Fecal calprotectin for the diagnosis of bowel inflammation in patients with rheumatological diseases: a systematic review.

BACKGROUND AND AIMS Endoscopic and histologic gut inflammation are present in half of patients with ankylosing spondylitis (AS) or spondyloarthritis (SpA). We performed a systematic literature review on the use of fecal calprotectin (FC) in patients with rheumatic diseases. METHODS Searches of the Pubmed, Web of science, and Cochrane library databases were performed up to September 2019 to identify all studies including adult patients with confirmed diagnosis of SpA or AS. RESULTS Seven studies met the inclusion criteria: 6 prospective observational studies and one retrospective observational study.
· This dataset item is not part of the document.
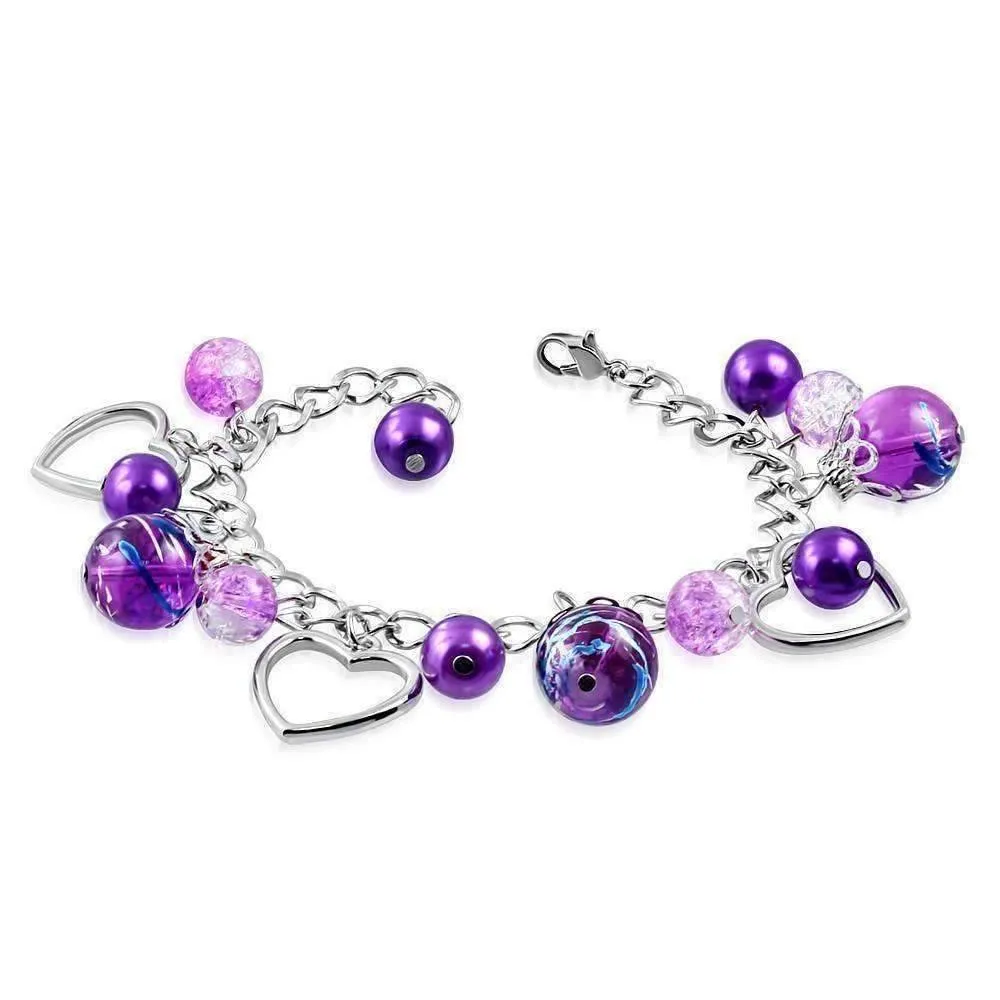 Artistic Purple Glass Bead & Silver Heart Charm Bracelet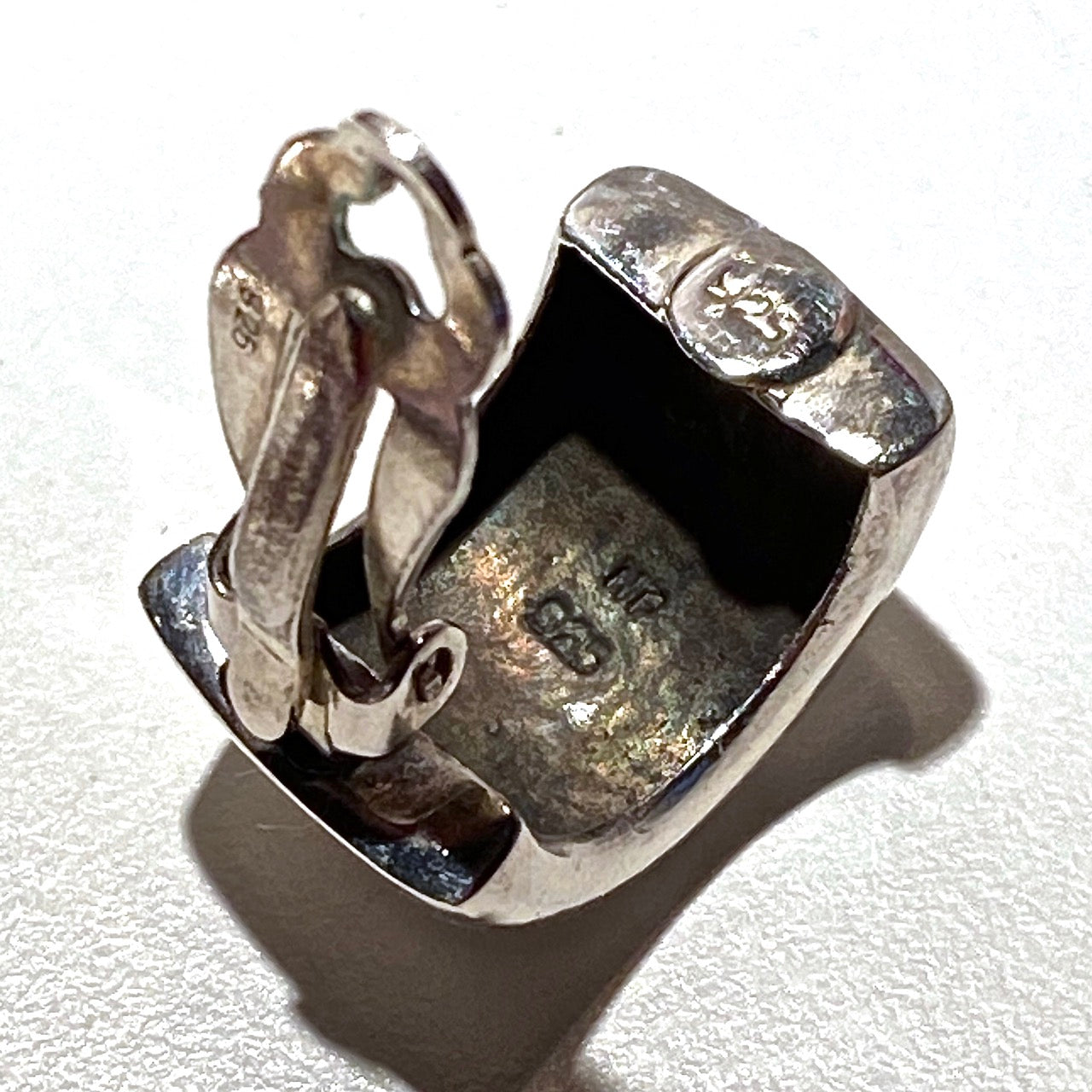 vintage silver wide half hoop ear clips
Study populations consisted of SpA patients in 4 studies and AS patients in 3 studies. In six studies an ELISA test was used for FC dosage, while in one case a semi-quantitative assay was adopted. In all included studies, patients with SpA or AS had elevated FC levels ranging from 21.2% to 70.7% of patients. In six studies patients with increased FC levels had macroscopic mucosal inflammation, ranging from 11% to 80% of cases. Four studies highlighted the presence of microscopic alterations in patients with high FC levels, ranging from 41.7% to 100% of patients. A FC cut-off level predicting the IBD occurrence was found in two studies: 266 mg/kg and 132 mg/kg with sensitivity and specificity of 100%, 78.7% and 66.7%, 76.9% respectively. CONCLUSION Fecal calprotectin is a useful and non-invasive marker to predict IBD in patients with SpA or AS. Gut histological and macroscopic mucosal inflammation were found in up to 100% and 80% of rheumatological patients with increased FC levels.